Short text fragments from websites
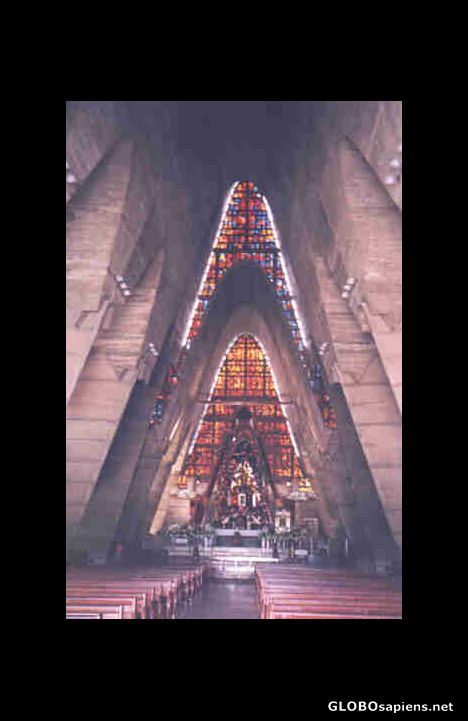 Postcard inside the church
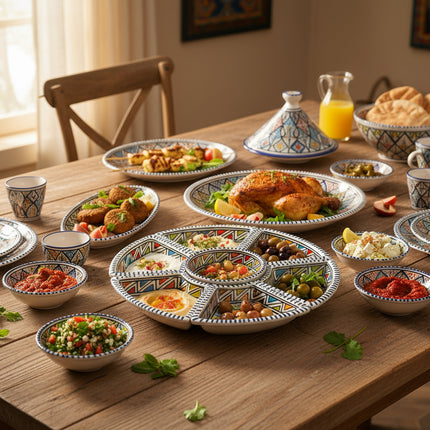 Tapas-Schale Rund – handgefertigt - Aleya Keramik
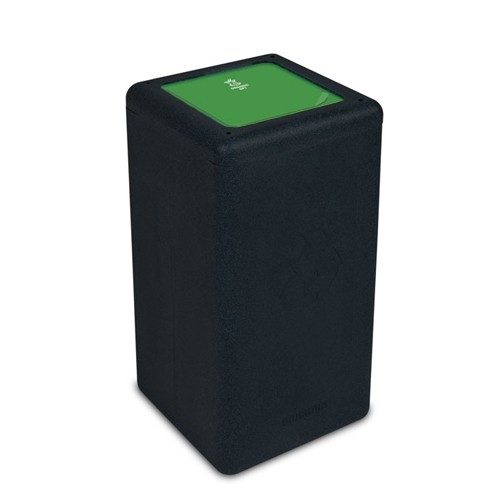 WASTE BIN CIRCULAR ORGANIC BLACK CONT. 65LTR. AFM. 35x35CM. HG. 70CM. BRICKBIN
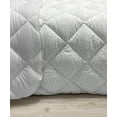 thumbnail image 3 of Retro Down Alternative Comforter, Rhythmic Monochrome Triangles and Hexagons Illustration on Plain Backdrop, Microfiber Quilt for All Season, 5 Sizes, White and Pale Salmon, by Ambesonne, 3 of 3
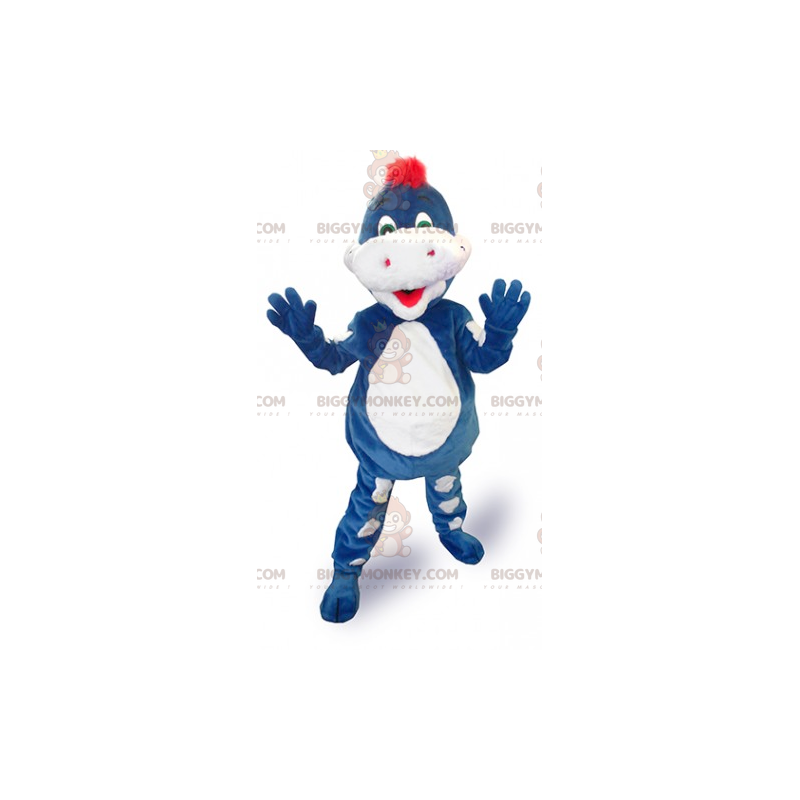 Costume de mascotte BIGGYMONKEY™ de dragon bleu Danone -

§ **Problem details**: Nothing but the lines from the one that contains "thumbnail image 3" through the last line of the records belongs in the answer, reproduced exactly, with no pictures.

§ **Output below**:
 thumbnail image 3 of Retro Down Alternative Comforter, Rhythmic Monochrome Triangles and Hexagons Illustration on Plain Backdrop, Microfiber Quilt for All Season, 5 Sizes, White and Pale Salmon, by Ambesonne, 3 of 3
 Costume de mascotte BIGGYMONKEY™ de dragon bleu Danone -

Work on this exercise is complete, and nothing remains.